### PROBLEM REQUIREMENTS
Type out the lines below exactly, pictures excluded.

Records from a collection:
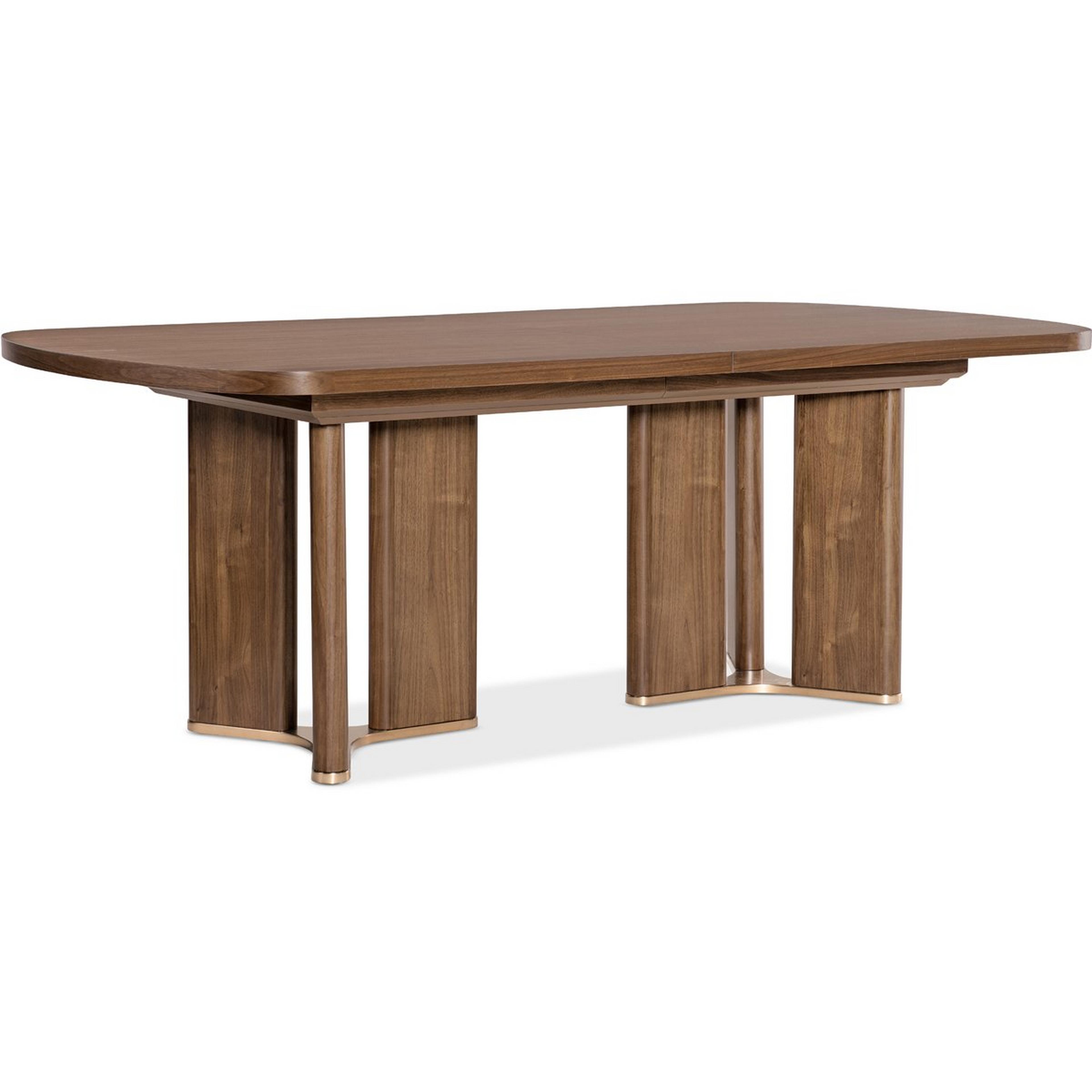 A Cecily Dining Table - Rectangle with Dark Walnut / Brass color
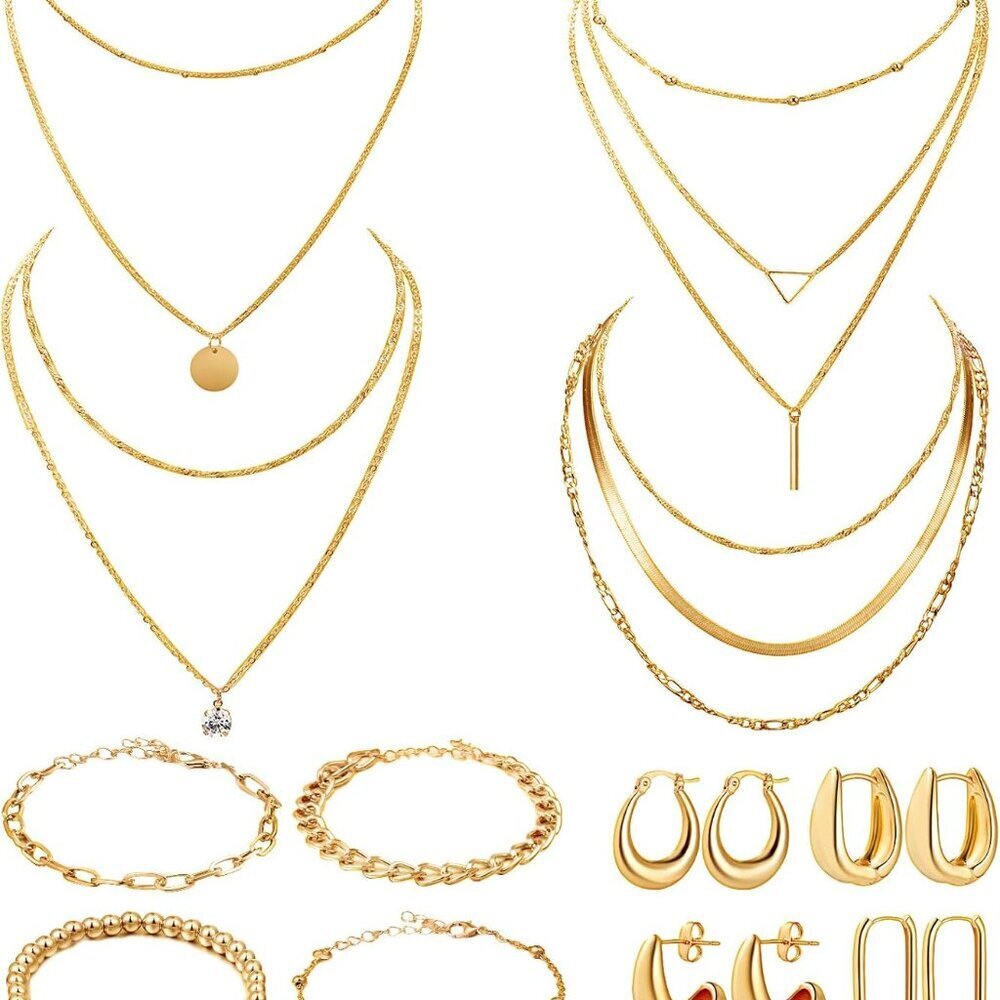 12 Pcs Gold Silver Jewelry Sets for Women Layered Set of Earring Necklace Bracel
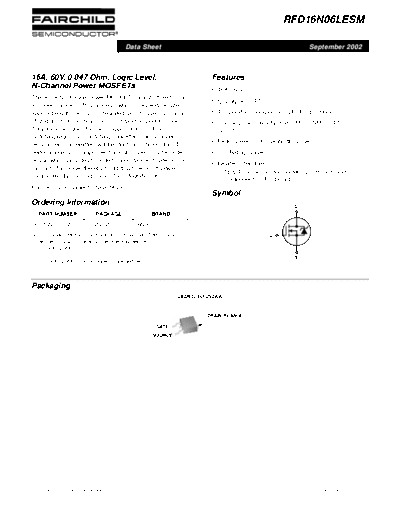Fairchild Semiconductor rfd16n06lesm  . Electronic Components Datasheets Active components Transistors Fairchild Semiconductor rfd16n06lesm.pdf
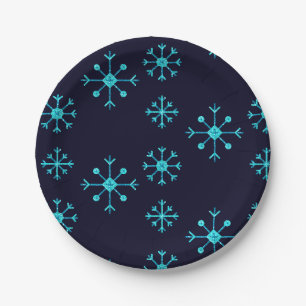 Assiettes En Carton Flèches de neige de Parties scintillant bleue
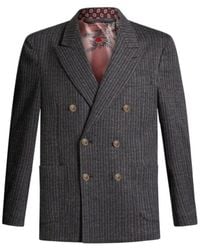 Etro - Long-Sleeved Double-Breasted Blazer - Lyst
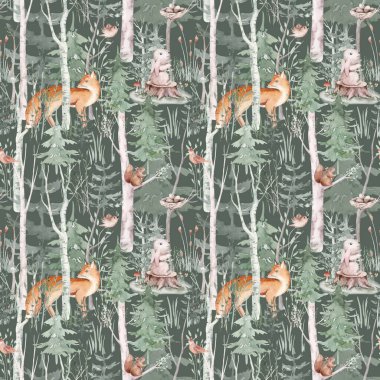 Woodland hayvanları suluboya desenli. Bebek geyikli kumaş duvar kağıdı ormanı, Baykuş, tilki ve kelebek, orman tavşanı, ayı ve kuş yavrusu yuvası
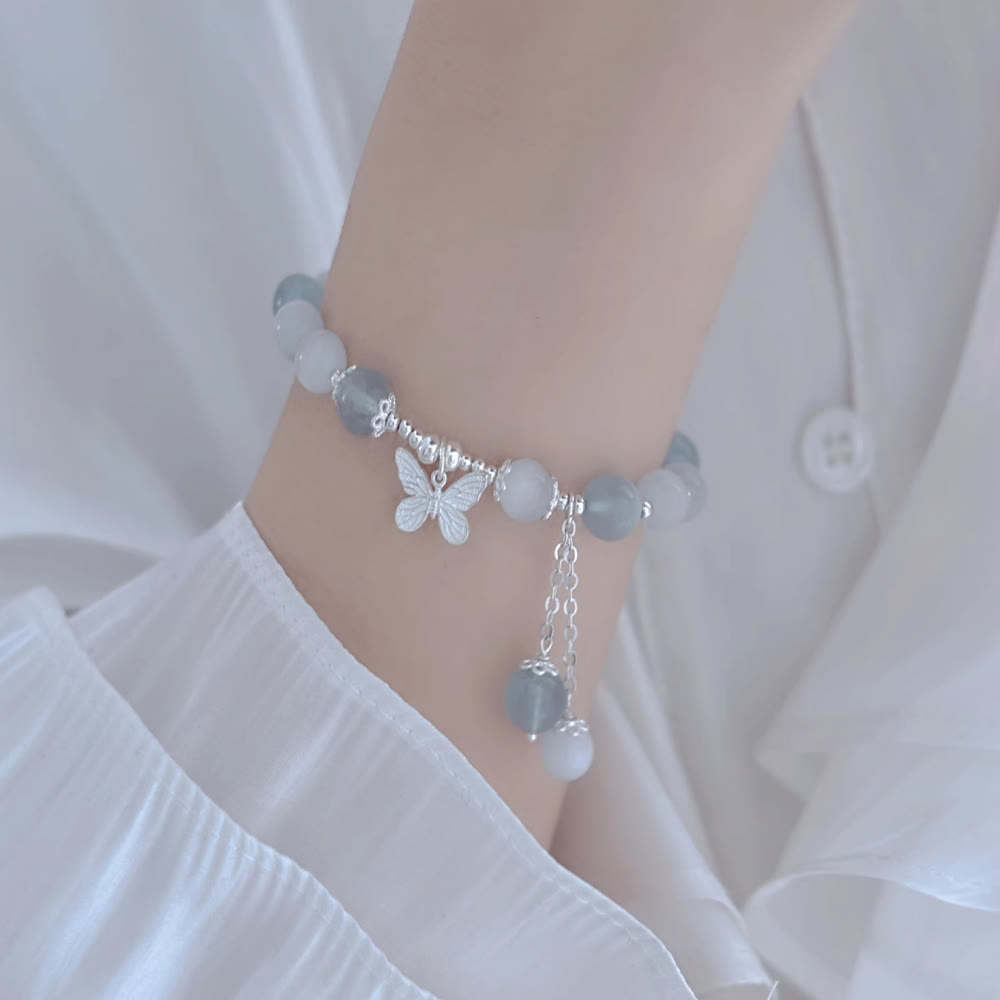 KarmaRipple's Cat's Eye Aquamarine Butterfly Talisman Support Bracelet p10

### RESULT FOR THIS TASK
 A Cecily Dining Table - Rectangle with Dark Walnut / Brass color
 12 Pcs Gold Silver Jewelry Sets for Women Layered Set of Earring Necklace Bracel
Fairchild Semiconductor rfd16n06lesm  . Electronic Components Datasheets Active components Transistors Fairchild Semiconductor rfd16n06lesm.pdf
 Assiettes En Carton Flèches de neige de Parties scintillant bleue
 Etro - Long-Sleeved Double-Breasted Blazer - Lyst
 Woodland hayvanları suluboya desenli. Bebek geyikli kumaş duvar kağıdı ormanı, Baykuş, tilki ve kelebek, orman tavşanı, ayı ve kuş yavrusu yuvası
 KarmaRipple's Cat's Eye Aquamarine Butterfly Talisman Support Bracelet p10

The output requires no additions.